Purified topo I from calf and/or rabbit thymus was obtained from Immunovision (Springdale, AR) and tested for purity upon arrival by gel electrophoresis and immunoblotting. Topo I major molecular species had a molecular weight of 70 kd; minor species had molecular weights of 80 kd and 100 kd.
Human IgG were purified from sera by affinity chromatography using the NAb Protein G Spin Chromatography kit (Pierce, Rockford, IL), following the manufacturer's instructions. The final IgG concentration was determined by the Bradford dye-binding procedure (Bio-Rad) and varied from 2.0 to 11.9 μg/μl (14). Human anti–topo I were purified from SSc sera by affinity chromatography on immobilized topo I using the Vivapure Epoxy Protein Coupling kit (VivaScience), following the manufacturer's instructions, and were then transferred into phosphate buffered saline (PBS) (14). Final anti–topo I IgG concentrations were determined using the Easy-Titer Human IgG Assay kit (Pierce) and varied from 2.1 to 8.3 ng/μl.

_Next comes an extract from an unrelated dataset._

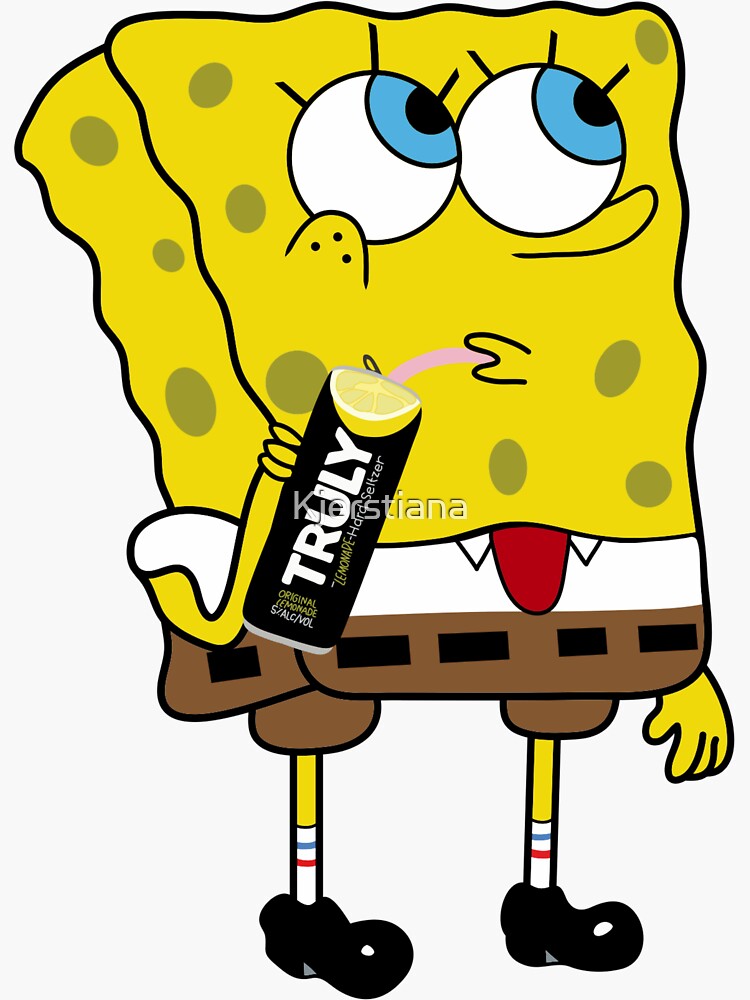 Spongebob Sipping Drink Sticker for Sale by I K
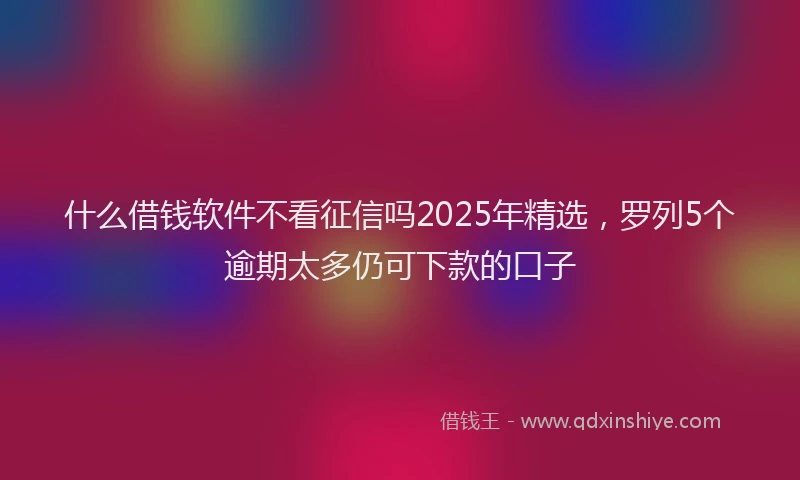 什么借钱软件不看征信吗2025年精选，罗列5个逾期太多仍可下款的口子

Flow cytometry analyses were performed as previously described (14). Briefly, adherent cells were detached with PBS/0.5% EDTA and washed with PBS. Cells were first incubated with 1 μg/ml goat IgG (Sigma, Oakville, Ontario, Canada) in PBS/3% bovine serum albumin (BSA) to block nonspecific binding sites. Cells were then incubated with topo I (0.5 μg/ml) in PBS/3% BSA for 30 minutes, washed with PBS, and incubated with IgG (50 μg/ml) or anti–topo I (400 ng/ml) purified from SSc or normal control sera in PBS/3% BSA for 30 minutes. IgG binding was revealed with phycoerythrin (PE)–conjugated goat anti-human IgG (Jackson ImmunoResearch, West Grove, PA) diluted 1:100. Cell permeability was assessed by addition of 7-aminoactinomycin D (Sigma), and permeable cells were gated out. Fluorescence was detected on a FACScan and analyzed by CellQuest software (BD Biosciences).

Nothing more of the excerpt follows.